SH: I’m working on a few different projects right now. Mainly a full-length poetry collection that more fully reckons with loneliness. I’m leaning on the sounds, smells, and textures of the natural world right now to sublimate the violence of border crossings, taxonomy, and notions of bodily integrity. Beyond that, I’m having a lot of fun working on a nonfiction project that explores my family’s experience of displacement in America through music and family photographs.
JB: That sounds wonderful. This has been an incredibly tough year in so many ways. Yet, there have been some unexpected connections, insights and new ways of being in the world that have sprung from this hardship. Is there anything you’ve learned this year? Any insight, hope, experience, etc., you’d like to share with us?
SH: It has. One of the most incredible and unexpected gifts of this time has been the gift of re-connection. I know physical distancing has been a lonelying experience for many of us, and it still is, but it has also been an opportunity to reconnect with folks I love despite the distance. I am among those I love, and so I’ve been trying to better care for myself, to slow down, walk outside, indulge in music and good films. I am so appreciative of the many readings, birthday parties, and book launches I’ve been able to attend via Zoom. I know that otherwise, I’d feel lonelier than I have.
JB: So true. Anything else you’d like to add about your chapbook, the series, poetry in general, the world, anything at all?
SH: I just wanna say that poetry can be intimidating, but it doesn’t have to be.

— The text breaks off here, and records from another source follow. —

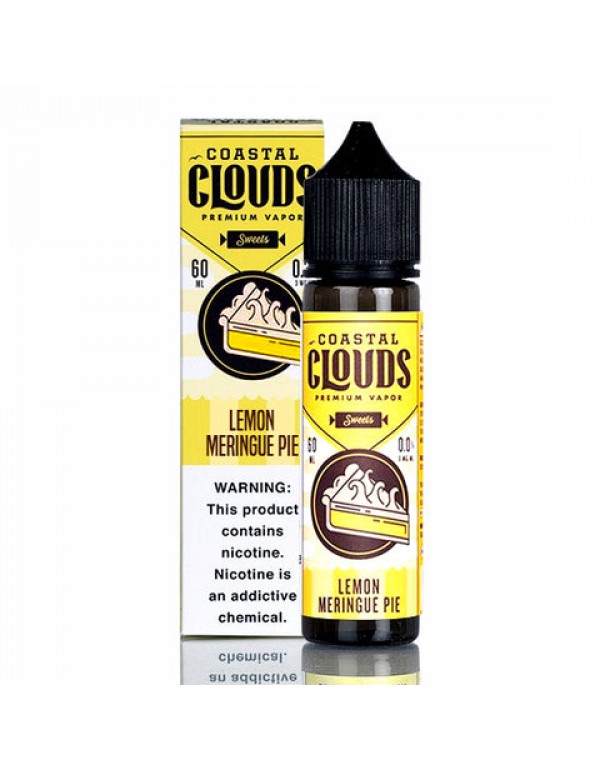 Lemon Meringue Pie - Coastal Clouds E-Juice (60 ml...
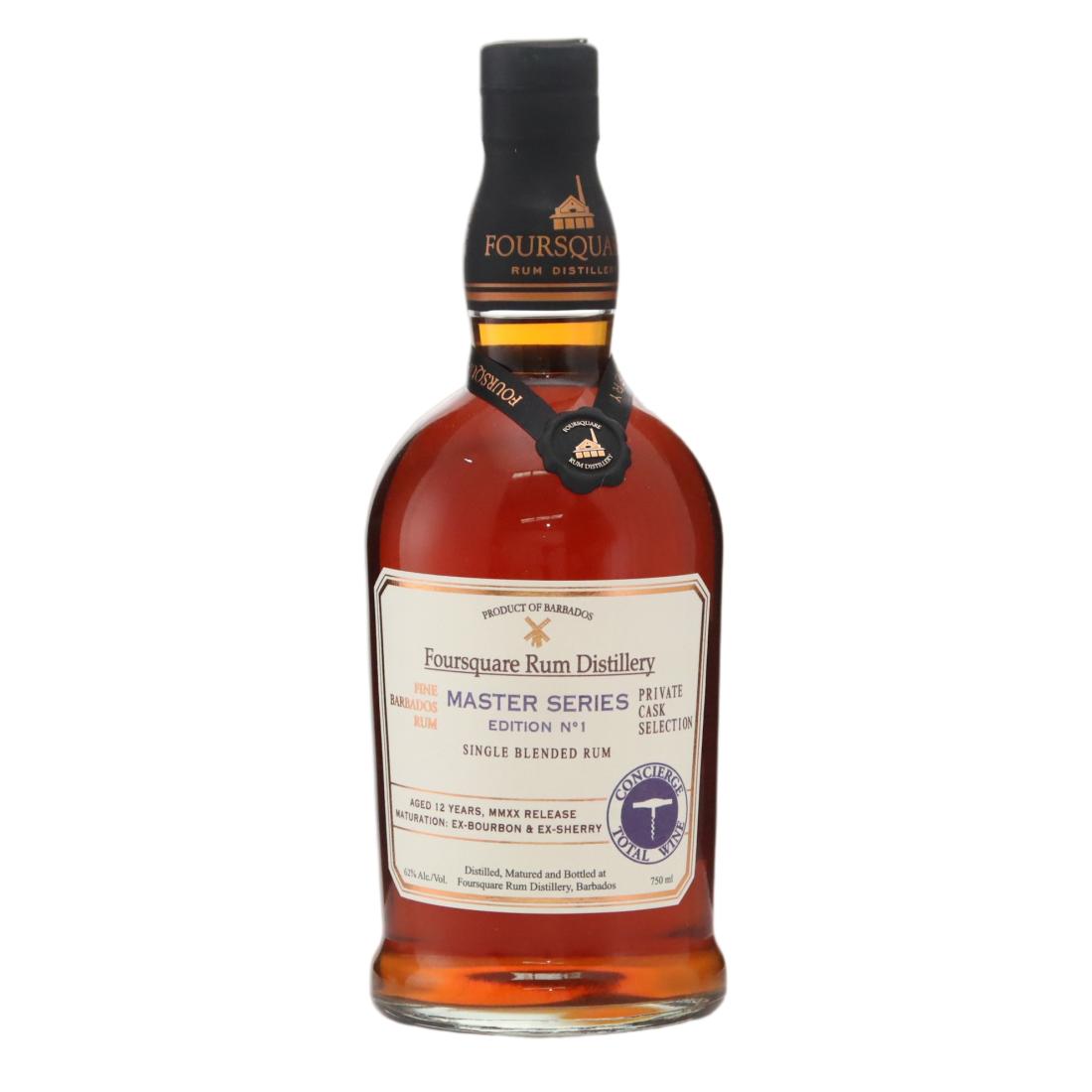 Foursquare Master Series 12 Year Old - Edition No.1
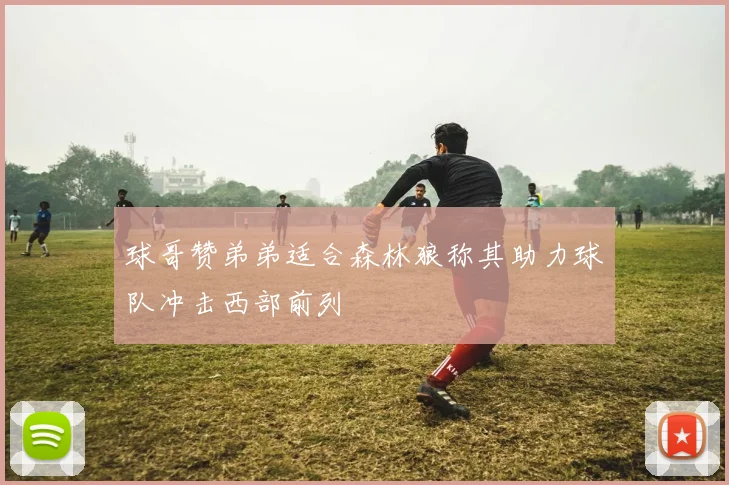 球哥赞弟弟适合森林狼称其助力球队冲击西部前列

Really, if writing is what you want to do, I hope that you do it in whatever way brings you joy—and that you read and write stuff that knocks your socks off!

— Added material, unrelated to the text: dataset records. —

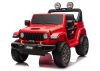 Jeep Rubicon 4x4 DK-JWR556 4x200W 24V piros akkumulátoros jármű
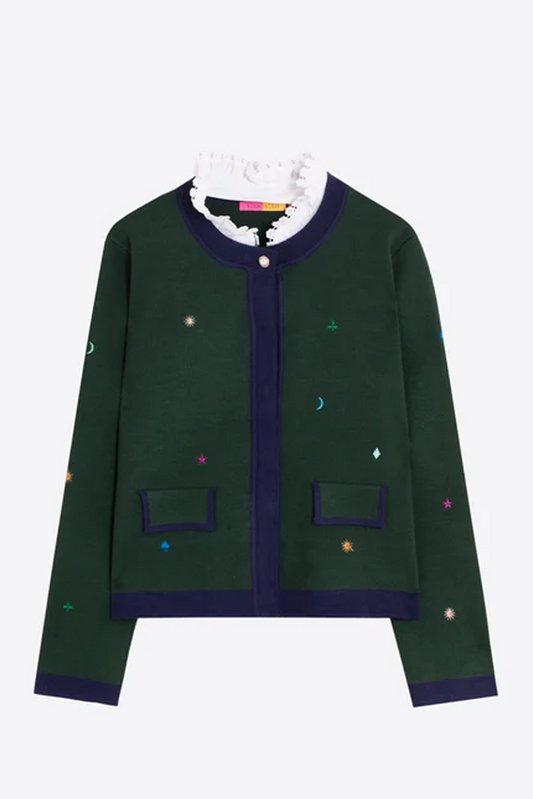 The Cadence Button Knit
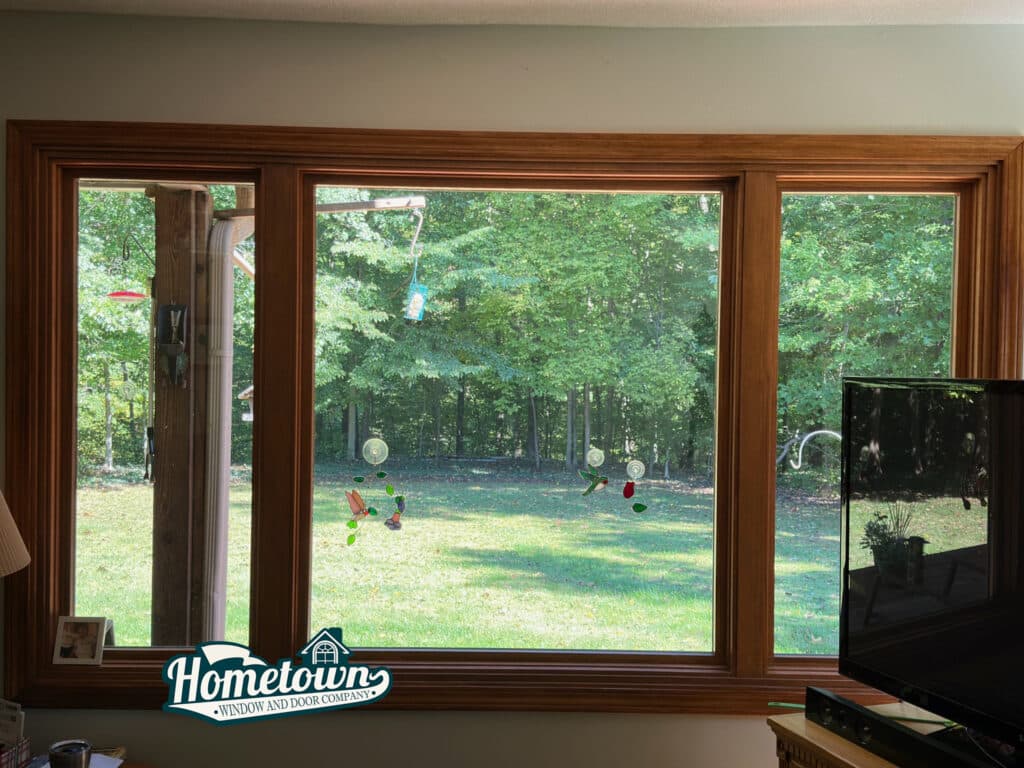 Window installation project completed in Indianapolis neighborhood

Sadia Hassan is a Somali-American writer from Atlanta, GA. Her chapbook Enumeration is out now from Akashic Books as part of The New Generation African Poets: Chapbook Set (Saba). You can find some of her most recent work in the Rumpus, Longreads, Boston Review, Seventh Wave Mag, and the Writer’s Chronicle. She is an MFA candidate in Poetry at the University of Mississippi and the winner of the 2020 Hurston Wright Award for College Writing.

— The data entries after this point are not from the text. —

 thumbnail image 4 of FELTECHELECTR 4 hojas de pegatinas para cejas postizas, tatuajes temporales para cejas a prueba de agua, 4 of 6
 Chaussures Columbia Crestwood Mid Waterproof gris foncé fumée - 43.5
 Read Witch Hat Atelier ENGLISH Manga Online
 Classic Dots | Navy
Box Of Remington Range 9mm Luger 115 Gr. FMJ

Jamaica Baldwin grew up in Santa Cruz, CA. She earned her B.A. in Afro-American Studies from Smith College and her M.F.A. in poetry from Pacific University. Her work has appeared, or is forthcoming, in Third Coast, Prairie Schooner, Hayden’s Ferry, Rattle, The Missouri Review, and TriQuarterly, among others. She was the winner of the 2019 San Miguel de Allende Writers Conference Contest in Poetry and received an honorable mention for the 2019 International Literary Award’s Rita Dove Prize. Her writing has been supported by Hedgebrook and the Jack Straw Writers program. Jamaica lives in Lincoln where she is pursuing her Ph.D. in Creative Writing (poetry) at the University of Nebraska–Lincoln.